Orderbird halbiert Verlust – und steigert Roherlös um 23%

26. Mai 2020

Von Heinz-Roger Dohms

Das Berliner Kassensystem-Fintech Orderbird hat im Geschäftsjahr 2018/19 (Stichtag war der 30. September) seinen Umsatz trotz Restrukturierung deutlich steigern können. Laut dem diese Woche veröffentlichten Jahresabschluss stieg der Roherlös um 23,5% auf 9,0 Mio. Euro – während zugleich die Personalaufwendungen um 6,2% auf 6,2 Mio. Euro sanken. Als Konsequenz halbierte sich der Jahresfehlbetrag auf nur noch 2,2 Mio. Euro. Für das laufende Geschäftsjahr rechnete Orderbird dem Abschluss zufolge damit, die „wiederkehrenden Umsätze“ um nochmals rund 30% steigern zu können.
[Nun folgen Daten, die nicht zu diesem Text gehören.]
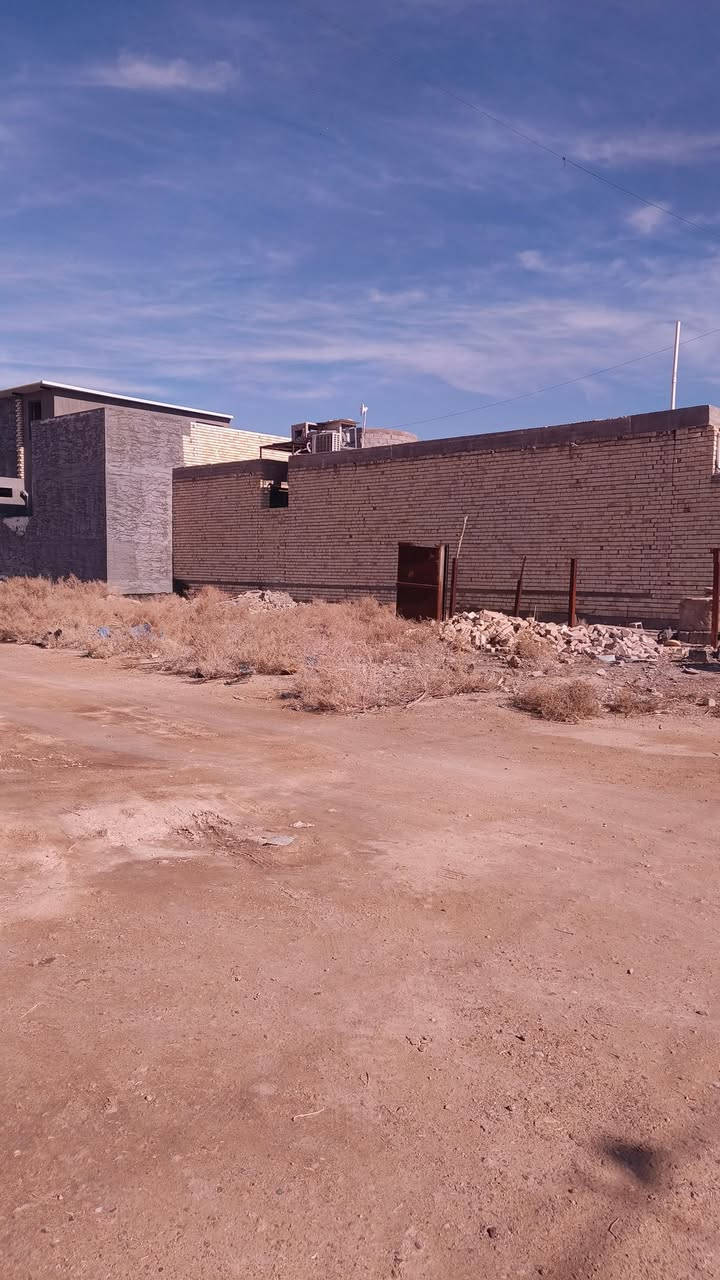 قطعه للبيع في حي المختار مساحه 350متر وجه 17ونص نزال 20 طابو صرف زراعي قرب التكيه وجامع الباسط جميع الخدمات متوفره مدارس ابتدائية ومتوسطه وبنص السكن شارع 10متر سعر القطعه 42وبيه مجال ***********
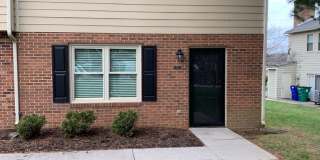 3 Bedroom 2.5 Bath Townhouse Gallery 1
Diese Prognose wurde aber vor der Corona-Krise erstellt – die Orderbird deutlich getroffen haben dürften, weil die eigenen Kassensysteme praktisch ausschließlich in der Gastronomie zum Einsatz kommen.

Orderbird ist das erste deutsche Fintech, dass testierte Zahlen für 2019 vorgelegt hat.